* Goal of the exercise *
Print out each record, keeping it identical to the original.

Items listed in a dataset:

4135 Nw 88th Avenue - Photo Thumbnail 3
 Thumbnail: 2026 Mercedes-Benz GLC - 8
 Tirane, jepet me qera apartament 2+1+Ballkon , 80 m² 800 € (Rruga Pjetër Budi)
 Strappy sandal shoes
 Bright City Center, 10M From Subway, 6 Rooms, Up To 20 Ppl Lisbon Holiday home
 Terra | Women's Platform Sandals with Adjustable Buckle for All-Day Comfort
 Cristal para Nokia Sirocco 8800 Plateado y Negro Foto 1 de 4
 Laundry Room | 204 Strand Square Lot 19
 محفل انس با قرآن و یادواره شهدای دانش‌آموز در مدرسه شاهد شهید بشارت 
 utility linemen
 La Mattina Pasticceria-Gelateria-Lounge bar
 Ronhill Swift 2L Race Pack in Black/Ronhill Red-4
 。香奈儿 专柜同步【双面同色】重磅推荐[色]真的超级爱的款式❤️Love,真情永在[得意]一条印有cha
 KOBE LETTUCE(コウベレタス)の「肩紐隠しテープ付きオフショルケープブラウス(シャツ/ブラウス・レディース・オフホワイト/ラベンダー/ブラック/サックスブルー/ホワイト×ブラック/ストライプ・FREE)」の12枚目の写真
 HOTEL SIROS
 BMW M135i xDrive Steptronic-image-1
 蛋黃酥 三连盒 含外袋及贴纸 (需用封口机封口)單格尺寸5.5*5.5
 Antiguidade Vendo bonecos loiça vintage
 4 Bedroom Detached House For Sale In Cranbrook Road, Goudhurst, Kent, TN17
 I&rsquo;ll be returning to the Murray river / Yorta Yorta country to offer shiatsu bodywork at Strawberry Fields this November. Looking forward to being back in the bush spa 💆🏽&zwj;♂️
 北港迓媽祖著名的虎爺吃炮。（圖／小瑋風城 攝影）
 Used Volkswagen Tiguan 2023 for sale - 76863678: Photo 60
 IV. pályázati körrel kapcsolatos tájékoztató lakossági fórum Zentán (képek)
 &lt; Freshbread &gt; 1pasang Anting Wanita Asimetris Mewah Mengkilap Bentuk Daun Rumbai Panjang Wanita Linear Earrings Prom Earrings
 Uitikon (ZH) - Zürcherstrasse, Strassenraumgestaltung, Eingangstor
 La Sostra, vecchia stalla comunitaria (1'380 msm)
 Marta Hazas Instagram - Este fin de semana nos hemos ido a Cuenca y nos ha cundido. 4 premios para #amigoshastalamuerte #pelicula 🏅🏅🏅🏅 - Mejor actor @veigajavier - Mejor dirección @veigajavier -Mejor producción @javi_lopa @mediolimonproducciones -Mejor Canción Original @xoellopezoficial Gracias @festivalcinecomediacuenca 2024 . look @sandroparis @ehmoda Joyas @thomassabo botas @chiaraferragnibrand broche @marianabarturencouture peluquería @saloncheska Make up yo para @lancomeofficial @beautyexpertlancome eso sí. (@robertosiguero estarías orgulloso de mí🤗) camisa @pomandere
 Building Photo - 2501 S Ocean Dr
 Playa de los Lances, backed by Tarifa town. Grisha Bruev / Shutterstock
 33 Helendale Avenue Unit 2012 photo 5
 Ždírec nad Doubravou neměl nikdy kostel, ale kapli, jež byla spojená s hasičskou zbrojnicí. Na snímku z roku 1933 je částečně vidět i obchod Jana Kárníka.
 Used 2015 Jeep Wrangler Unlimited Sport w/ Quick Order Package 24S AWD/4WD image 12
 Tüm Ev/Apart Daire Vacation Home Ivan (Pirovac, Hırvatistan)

* Result of the task *
4135 Nw 88th Avenue - Photo Thumbnail 3
 Thumbnail: 2026 Mercedes-Benz GLC - 8
 Tirane, jepet me qera apartament 2+1+Ballkon , 80 m² 800 € (Rruga Pjetër Budi)
 Strappy sandal shoes
 Bright City Center, 10M From Subway, 6 Rooms, Up To 20 Ppl Lisbon Holiday home
 Terra | Women's Platform Sandals with Adjustable Buckle for All-Day Comfort
 Cristal para Nokia Sirocco 8800 Plateado y Negro Foto 1 de 4
 Laundry Room | 204 Strand Square Lot 19
 محفل انس با قرآن و یادواره شهدای دانش‌آموز در مدرسه شاهد شهید بشارت 
 utility linemen
 La Mattina Pasticceria-Gelateria-Lounge bar
 Ronhill Swift 2L Race Pack in Black/Ronhill Red-4
 。香奈儿 专柜同步【双面同色】重磅推荐[色]真的超级爱的款式❤️Love,真情永在[得意]一条印有cha
 KOBE LETTUCE(コウベレタス)の「肩紐隠しテープ付きオフショルケープブラウス(シャツ/ブラウス・レディース・オフホワイト/ラベンダー/ブラック/サックスブルー/ホワイト×ブラック/ストライプ・FREE)」の12枚目の写真
 HOTEL SIROS
 BMW M135i xDrive Steptronic-image-1
 蛋黃酥 三连盒 含外袋及贴纸 (需用封口机封口)單格尺寸5.5*5.5
 Antiguidade Vendo bonecos loiça vintage
 4 Bedroom Detached House For Sale In Cranbrook Road, Goudhurst, Kent, TN17
 I&rsquo;ll be returning to the Murray river / Yorta Yorta country to offer shiatsu bodywork at Strawberry Fields this November. Looking forward to being back in the bush spa 💆🏽&zwj;♂️
 北港迓媽祖著名的虎爺吃炮。（圖／小瑋風城 攝影）
 Used Volkswagen Tiguan 2023 for sale - 76863678: Photo 60
 IV. pályázati körrel kapcsolatos tájékoztató lakossági fórum Zentán (képek)
 &lt; Freshbread &gt; 1pasang Anting Wanita Asimetris Mewah Mengkilap Bentuk Daun Rumbai Panjang Wanita Linear Earrings Prom Earrings
 Uitikon (ZH) - Zürcherstrasse, Strassenraumgestaltung, Eingangstor
 La Sostra, vecchia stalla comunitaria (1'380 msm)
 Marta Hazas Instagram - Este fin de semana nos hemos ido a Cuenca y nos ha cundido. 4 premios para #amigoshastalamuerte #pelicula 🏅🏅🏅🏅 - Mejor actor @veigajavier - Mejor dirección @veigajavier -Mejor producción @javi_lopa @mediolimonproducciones -Mejor Canción Original @xoellopezoficial Gracias @festivalcinecomediacuenca 2024 . look @sandroparis @ehmoda Joyas @thomassabo botas @chiaraferragnibrand broche @marianabarturencouture peluquería @saloncheska Make up yo para @lancomeofficial @beautyexpertlancome eso sí. (@robertosiguero estarías orgulloso de mí🤗) camisa @pomandere
 Building Photo - 2501 S Ocean Dr
 Playa de los Lances, backed by Tarifa town. Grisha Bruev / Shutterstock
 33 Helendale Avenue Unit 2012 photo 5
 Ždírec nad Doubravou neměl nikdy kostel, ale kapli, jež byla spojená s hasičskou zbrojnicí. Na snímku z roku 1933 je částečně vidět i obchod Jana Kárníka.
 Used 2015 Jeep Wrangler Unlimited Sport w/ Quick Order Package 24S AWD/4WD image 12
 Tüm Ev/Apart Daire Vacation Home Ivan (Pirovac, Hırvatistan)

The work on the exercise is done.